■ **TO DO**: When you reach the line holding "Elizabeth Becker, Plant Study No. 58 Elizabeth", please begin to restate the lines word for word and continue through the last one in the material, excluding pictures.

■ **DATA EXTRACT**:
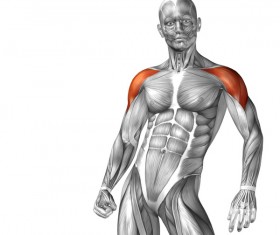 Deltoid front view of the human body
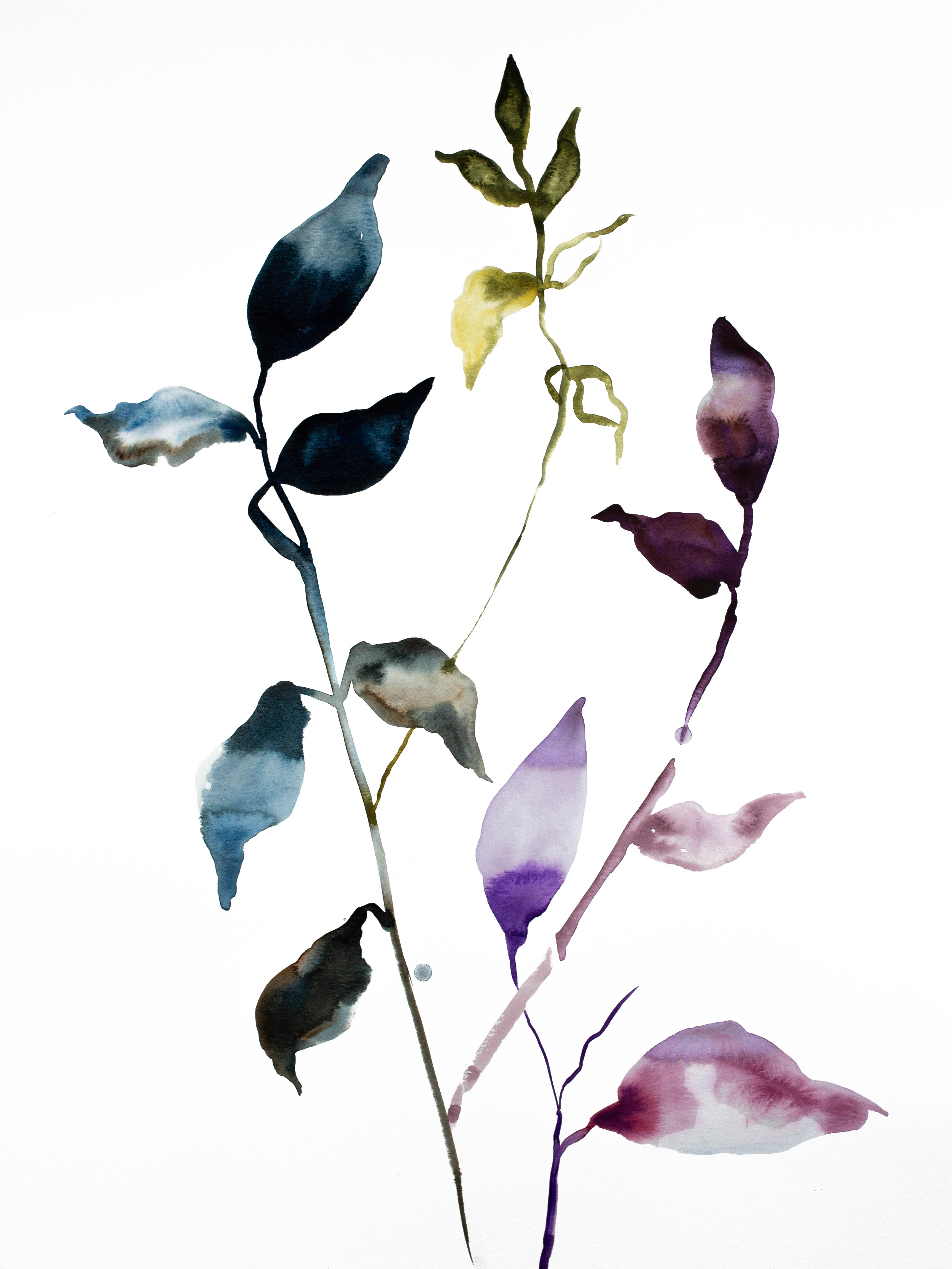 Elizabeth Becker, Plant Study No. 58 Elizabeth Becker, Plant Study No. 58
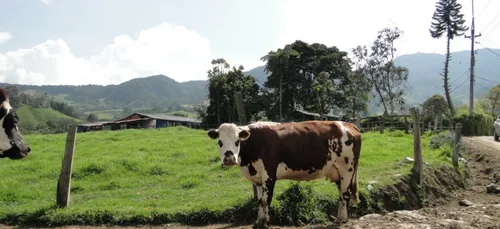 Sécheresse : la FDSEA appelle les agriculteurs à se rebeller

■ **COMPLETED TASK**:
 Elizabeth Becker, Plant Study No. 58 Elizabeth Becker, Plant Study No. 58
 Sécheresse : la FDSEA appelle les agriculteurs à se rebeller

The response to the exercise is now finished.